Data extracted from a collection
◆ ◆ ◆ ◆ ◆
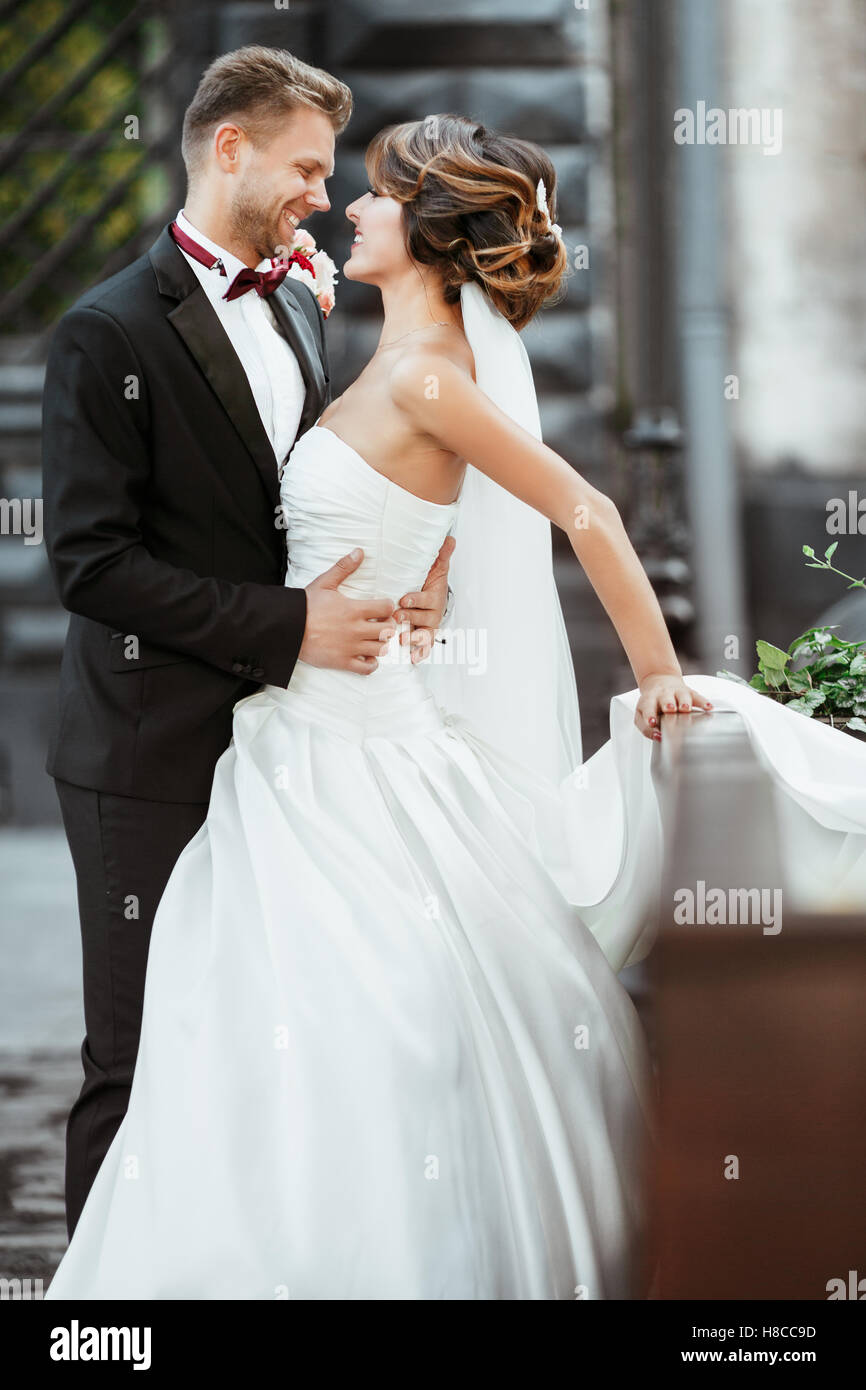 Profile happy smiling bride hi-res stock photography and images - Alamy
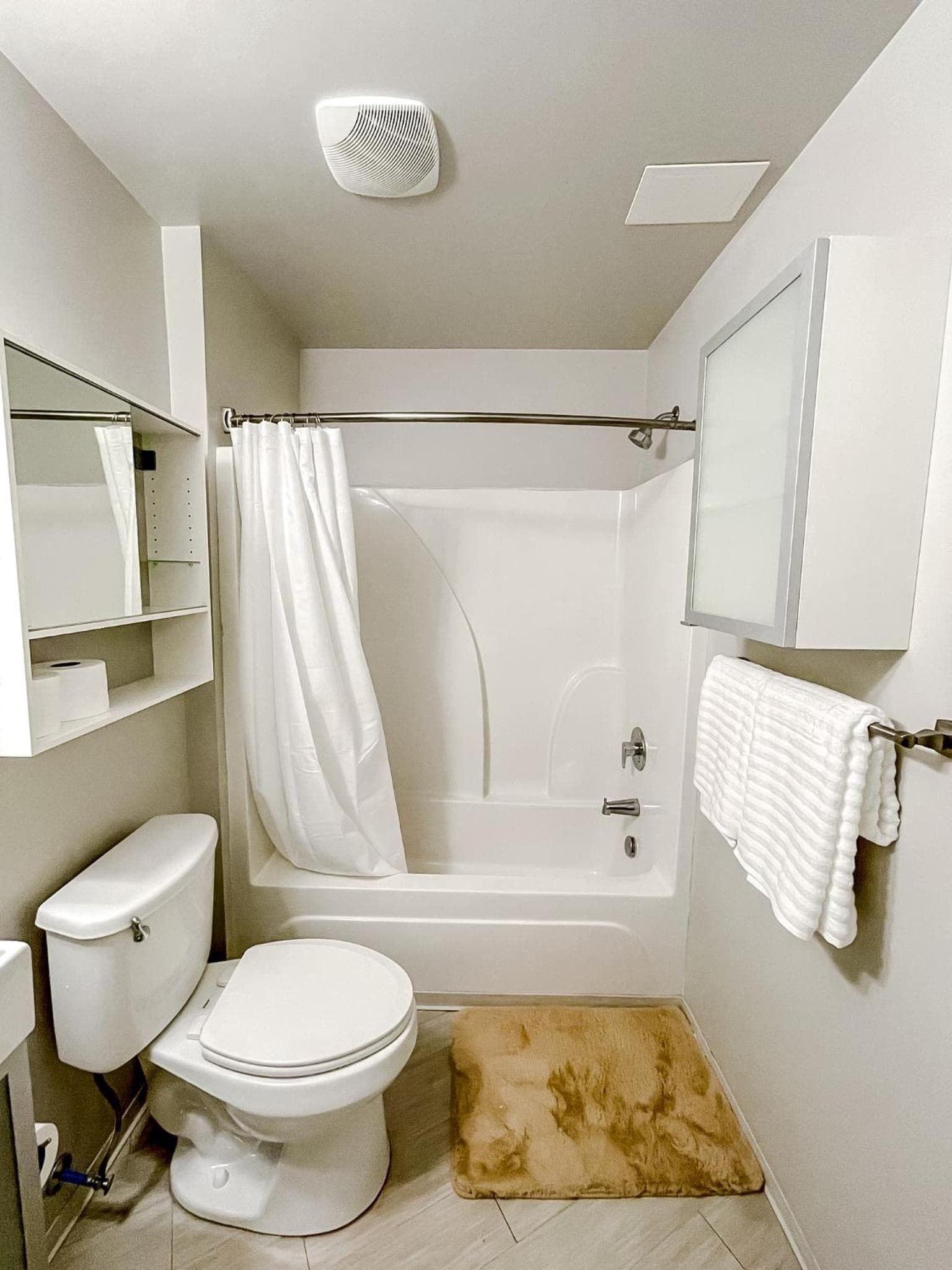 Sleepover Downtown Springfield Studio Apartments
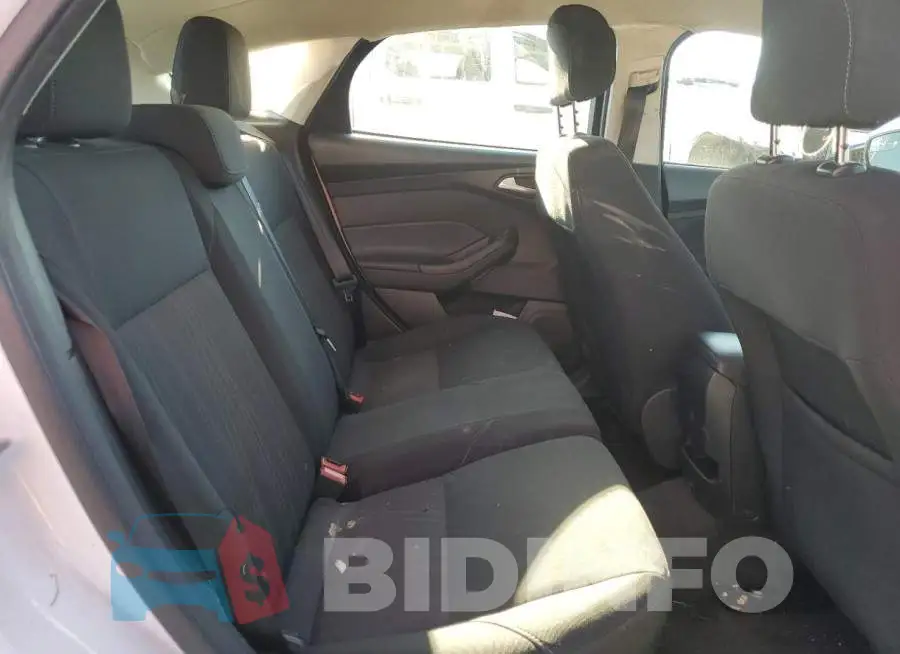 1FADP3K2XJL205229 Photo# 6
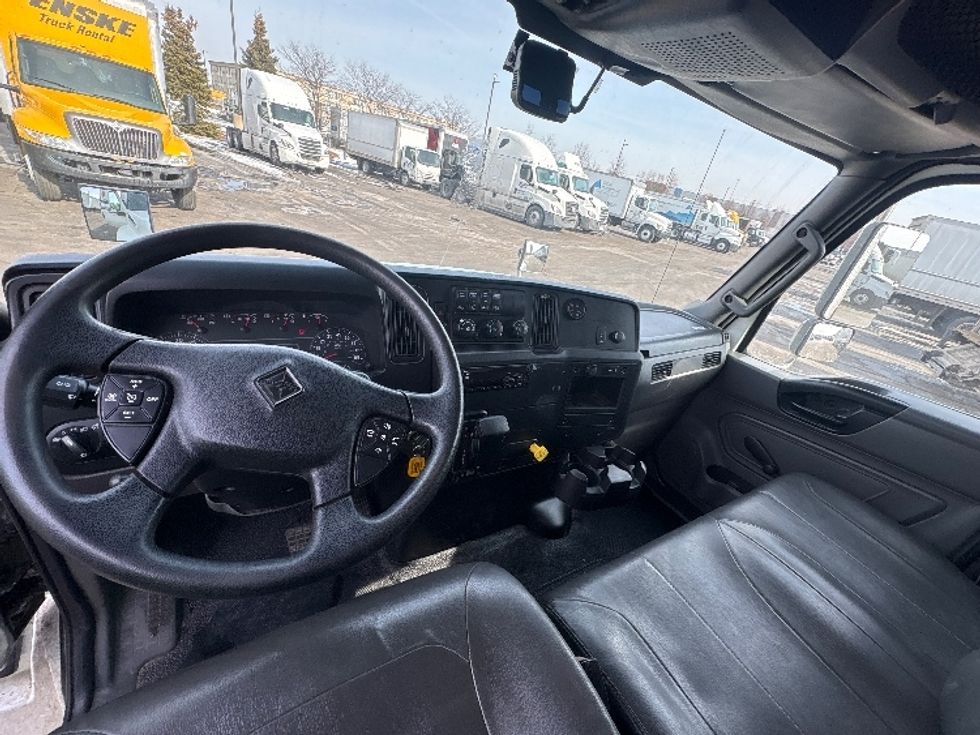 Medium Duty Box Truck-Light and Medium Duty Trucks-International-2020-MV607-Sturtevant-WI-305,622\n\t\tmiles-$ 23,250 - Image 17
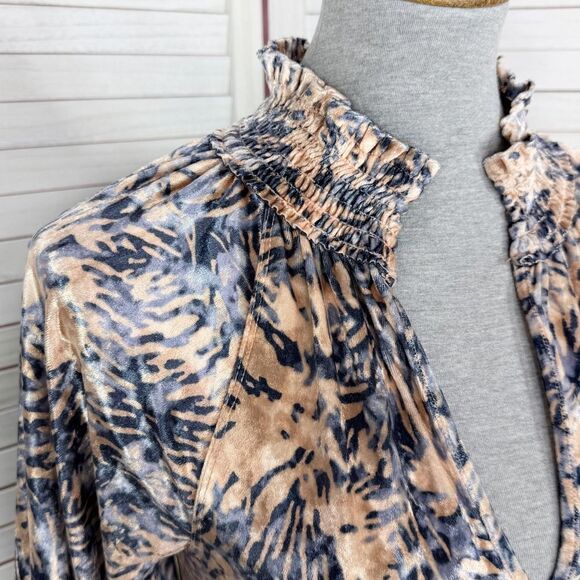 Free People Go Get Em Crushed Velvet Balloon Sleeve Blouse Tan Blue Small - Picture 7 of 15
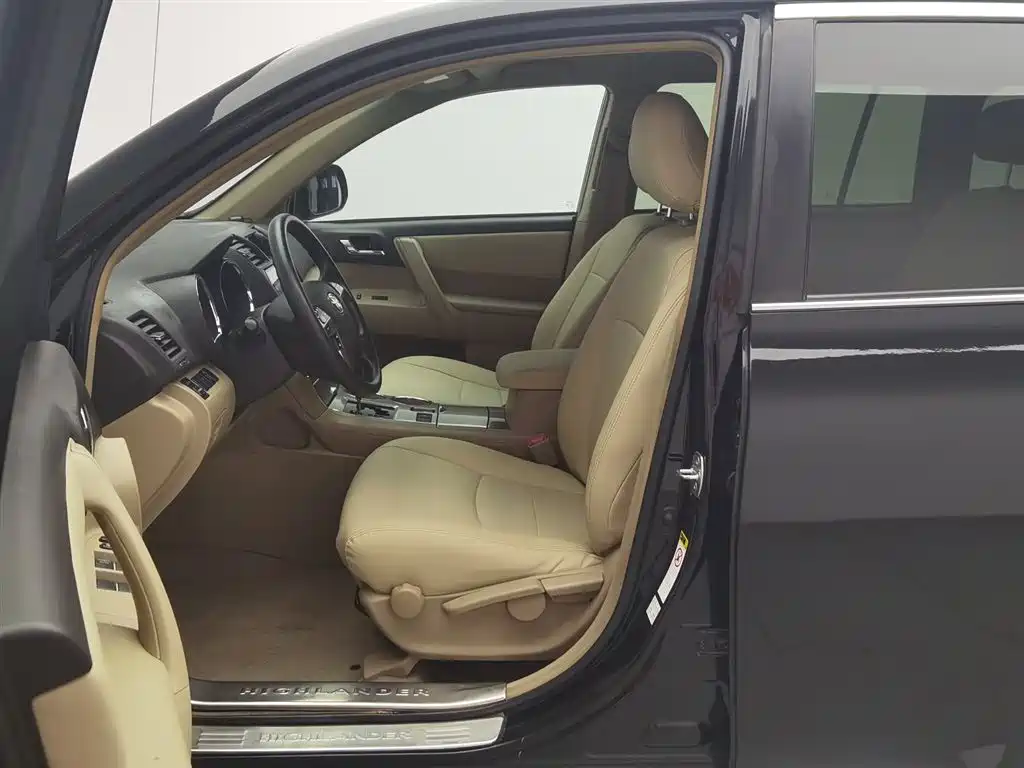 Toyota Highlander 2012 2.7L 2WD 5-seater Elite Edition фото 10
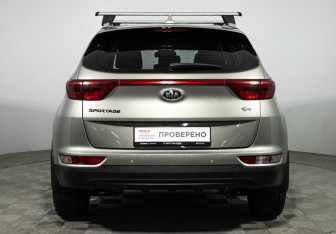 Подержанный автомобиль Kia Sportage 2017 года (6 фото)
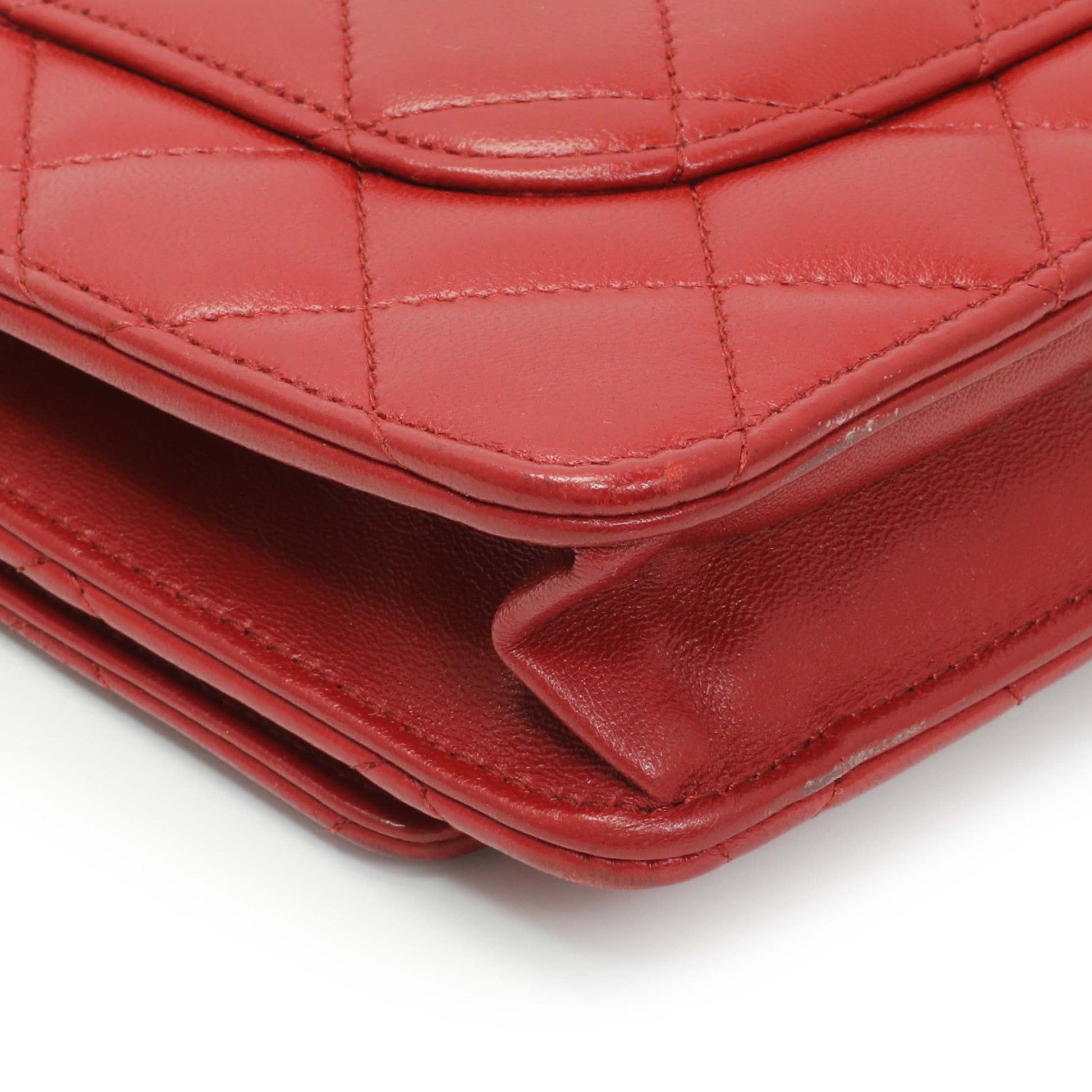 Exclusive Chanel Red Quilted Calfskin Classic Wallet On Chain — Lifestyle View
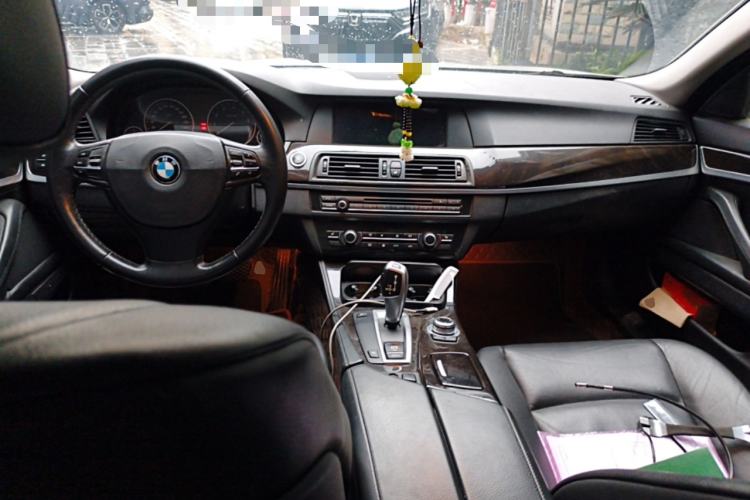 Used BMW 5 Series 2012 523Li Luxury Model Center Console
◆ ◆ ◆ ◆ ◆
Work instruction:
Return every entry word for word, but drop any pictures.

Output for this task:
 Profile happy smiling bride hi-res stock photography and images - Alamy
 Sleepover Downtown Springfield Studio Apartments
 1FADP3K2XJL205229 Photo# 6
 Medium Duty Box Truck-Light and Medium Duty Trucks-International-2020-MV607-Sturtevant-WI-305,622\n\t\tmiles-$ 23,250 - Image 17
 Free People Go Get Em Crushed Velvet Balloon Sleeve Blouse Tan Blue Small - Picture 7 of 15
 Toyota Highlander 2012 2.7L 2WD 5-seater Elite Edition фото 10
 Подержанный автомобиль Kia Sportage 2017 года (6 фото)
 Exclusive Chanel Red Quilted Calfskin Classic Wallet On Chain — Lifestyle View
 Used BMW 5 Series 2012 523Li Luxury Model Center Console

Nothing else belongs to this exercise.